What's really cool is that the shore party of 50
men, led by the Executive Officer Kapitan-Leutnant
Helmuth von Mucke, which was busily destroying the
Cable and Wireless station on the atoll when the SYDNEY
arrived, stole a yacht, the AYESHA
and sailed to neutral Java, talked their way out
of internment by the Dutch, snuck off in a tramp
steamer to Arabia, and then hiked to Istanbul,
which was the capital of the Ottoman Empire, which
was allied with Germany - the longest Escape and
Evasion in history (it took them seven months, and
many died on the way - most killed by Arabs who
were revolting against the Turks).


In WWII, the Brits built the gun
positions at Cannon Point in 1942, billeting the
crews at Camp Marcel and Point Marianne, and
established a forward sea-plane base at East
Point. British and Canadian sea-planes were
based there. The UK's military left in 1946,
and didn't return until the Amercans arrived in
1971 (the history since then is detailed elsewhere
in this website).
Throughout all this, the East Point
Plantation was the center of the island
population, until it was closed in 1971.
Here's a map of the island in 1971. Most of
the names are in French, since that language had
been spoken by the workers since they first came
ashore as slaves 178 years earlier.

GETTING
THERE
In the late 1980s,
getting to the Plantation was practically
impossible. First you had to get to Diego
Garcia - and only if you were assigned there by
the US or UK militaries, did you have a
chance. For the swabbies and other
Americans living in downtown DG, it meant
getting one of a limited number of permits from
the Brits, then finding somebody with a truck to
take you down there (it was possible to bicycle
down - it was only a 45 mile round trip from
downtown). For the Filipino and Mauritian
workers, it was even harder to work the deal,
and I'll bet there were hundreds of them who
worked on DGAR for years and NEVER got to go to
the Plantation. LOTS of interesting deals
were made in exchange for a trip to the one
place on the island that had any mystique about
it.
One way was to be a
good boy or girl and get awarded "On-Island R
& R". This was a 3-day pass awarded to
"top performers" and others in the good graces
of the honchos. The SEABEES had
refurbished the old Met Office just north of the
Plantation, and turned it into a bunk
house.

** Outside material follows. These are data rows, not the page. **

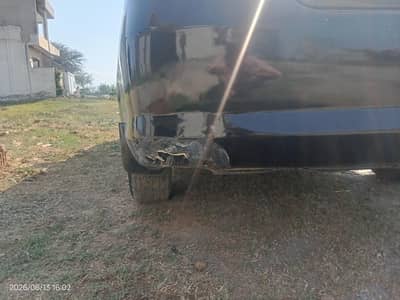 Honda City IDSI 2005
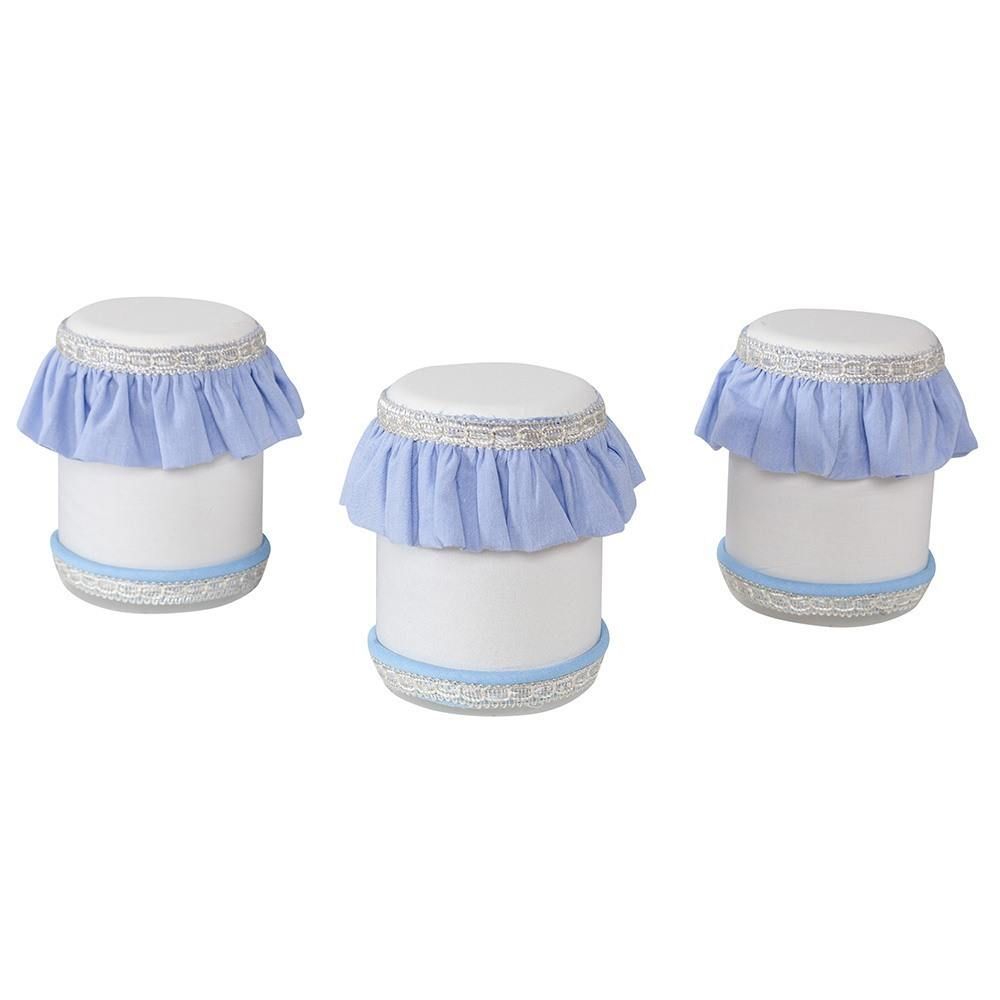 Jogo de Potes Realeza Marinho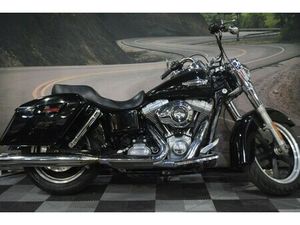 2013 HARLEY-DAVIDSON® FLD - DYNA® SWITCHBACK™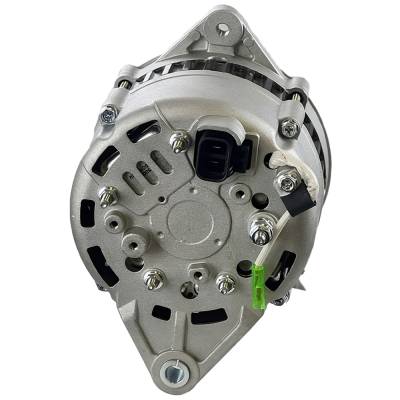 Rareelectrical - New 12 Volts 40 Amps Alternator Compatible With Hitachi Lr240-38 Lr240-38B Lr24038 Lr24038b - Image 8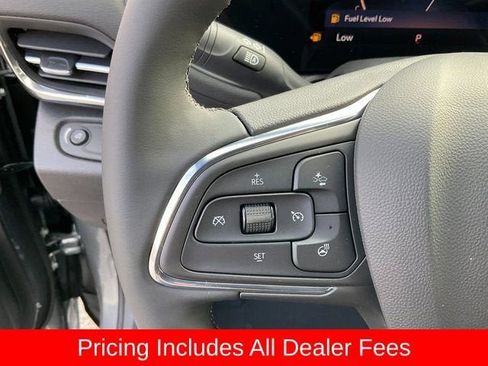 New 2026 Buick Envista Sport Touring w/ Convenience I Package FWD image 8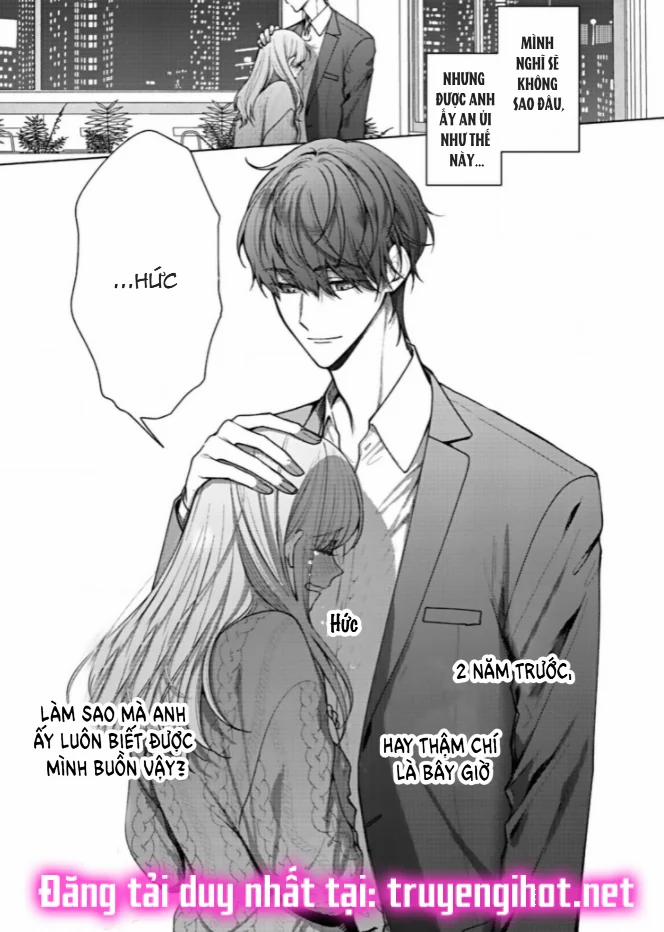 Che Dấu Bằng Nụ Hôn,đừng Để Bị Lộ 3.3 trang 3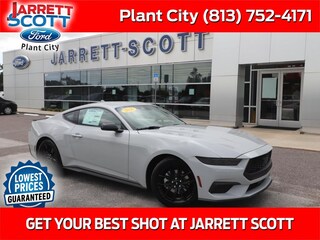 2026 Ford Mustang Ecoboost&reg; Fastback Coupe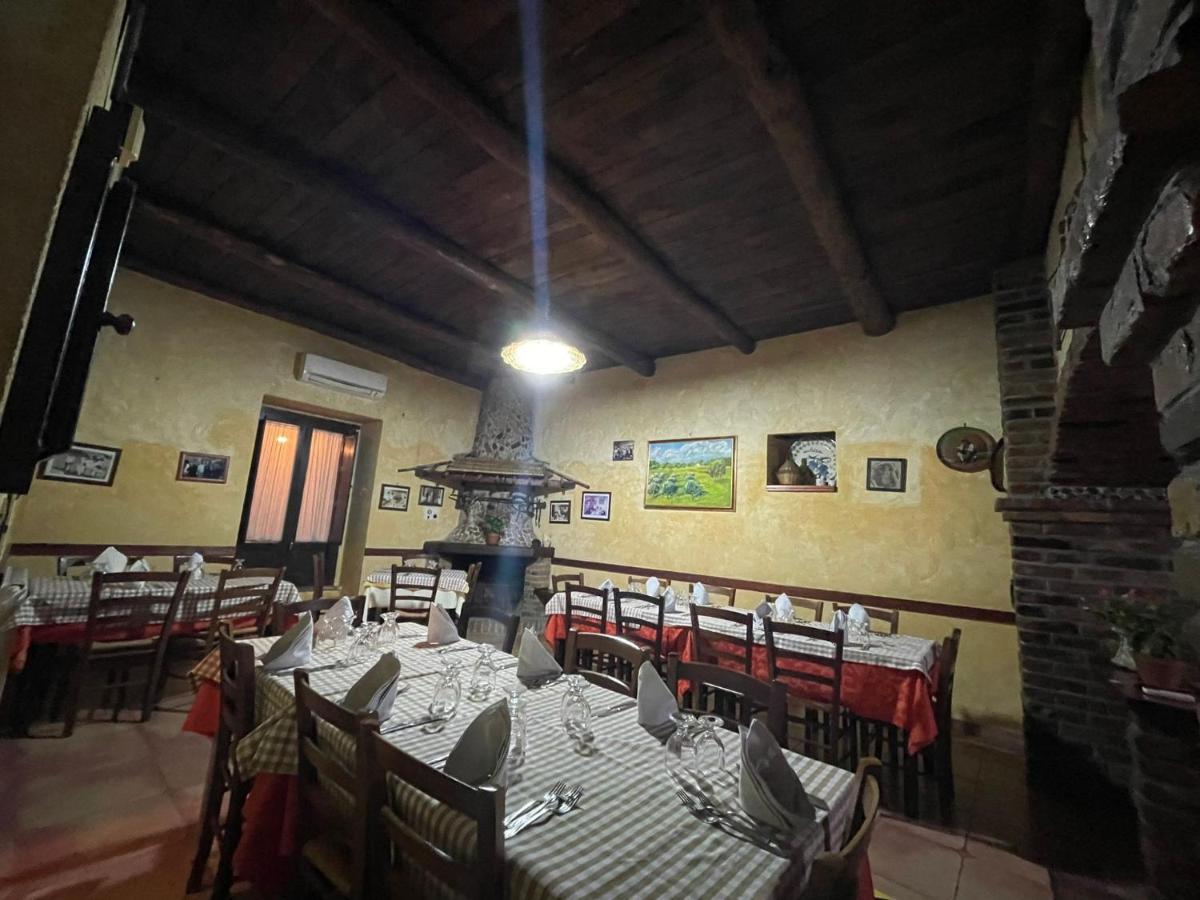 Agriturismo Pingitore Luzzi Exteriér fotografie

If you got one of these passes, you
were given a box of food and a ride over to the
place and dropped off for a couple nights.
It was supposed to be a reward, where one was
unbothered by the day to day bullshit of the
military base, but most of the people I talked
to didn't care much for it - no TV, no radio, no
booze, no friends. Here's a picture of the
R&R Center undergoing renovation in
1982. The guy without the shovel
must be the LPO...

Below: Here's
a photo of the building (which was originally the
Meteorological Station) in 1972, courtesy of Larry
Duran.
Note the baskets in the lower right corner of the
photo, left behind by the plantation workers when
they were evacuated in 1971.

Below:
All there really was to do at the R&R Center
was to try and get Missy drunk.


I first visited the Plantation during a
stopover in 1981. Our C-141 had broken
down so we had some time on our hands, and our
loadmaster had a brother in the SEABEES
deployed there at the time. So we
hitched a ride over to the plantation in a
construction van. First we had to change
a tire at the SEABEE work yard, and get some
food from the "Silver Fox" there in
Splinterville.

When I was
deployed there myself in 1982, I met an
Australian Naval Officer, Steve Swayne, who as a
member of the British Commonwealth and therefore
didn't need to get a special pass to visit the
Plantation, and we went over there 2 or 3 times,
and strolled the Main Street with
impunity. Of course, it rained. And
rained. And rained.

Above -
the "Main Drag" at the East Point Plantation
in 1982.
Below -
Larry Duran's photo of the "Main Drag" taken
in 1972 from approximately the same location
as the one above.
The jungle takes over quickly in the
tropics.
Note the little palm tree on the lower left
and how large it is 10 years later in the
photo above.


THE
EAST POINT PLANTATION'S BUILDINGS
By 1982, the
Plantation had been abandoned about 10
years, and was in real bad shape.
When I was stationed on DG in 1987-88, the
deterioration was severe, and the US Navy
Chief's Association wanted to do a civic
service project to restore some of the old
buildings. However, the British
Administrator for the BIOT came through on
his annual visit, and told the USN not to
permit it. His reasoning was that
then Mauritians employed as contractors on
the island would take photos of the
restored buildings, and send them to
relatives in Mauritius, where the
newspapers would then print them, and
create more hard feelings by the displaced
Ilois Islanders. Well, now there's
the internet, and no Plenipotentiary
Minister is able to stop the free flow of
info and photos because it might be
embarrassing to one government or the
other! Its also apparent that his
decision was reversed sometime in the near
distant past, as these "before and after"
photos show.
The
"Master's House" at East Point
Plantation, 1945:

Below - Larry
Duran's photo of the Manager's House
taken from the beach in 1972.
The civilian population on DG had been
relocated about 6 months previously.

Below:
The Manager's house in 1987

Below: The
Manager's house in 2002 (photo by
Bob Ralph), following
a spruce-up by the NSF Chief's
Association.

Below: The huts the workers
lived in. Photo from 1972 by
Larry Duran.



Below:
The Chapel at East Point Plantation,
1946.
Nobody kept
it up in those days - organized
Christianity never was a big part of
Diego Garcia's Plantation era, unless
there was a missionary on the island -
Father Dussercle, a Catholic Priest, was
there from 1933 into WWII, but gave up
and moved away because the British
troops didn't cooperate with his
theocratic rule, and the Chapel went to
ruin.

Below:
The Chapel at East Point
Plantation, 1972.
Larry Duran
took these photos of the Chapel
in 1972, just a few months after the
plantation was evacuated:


Below:
The Chapel at East Point Plantation,
1982
It had been fixed
up prior to the closure of the
Plantation in 1972. When I took
this picture, there was still a
confession box and holy water basins
inside, but the roof was a sieve and
everything was moldy and rotten from the
100 inches of rain that fell annually.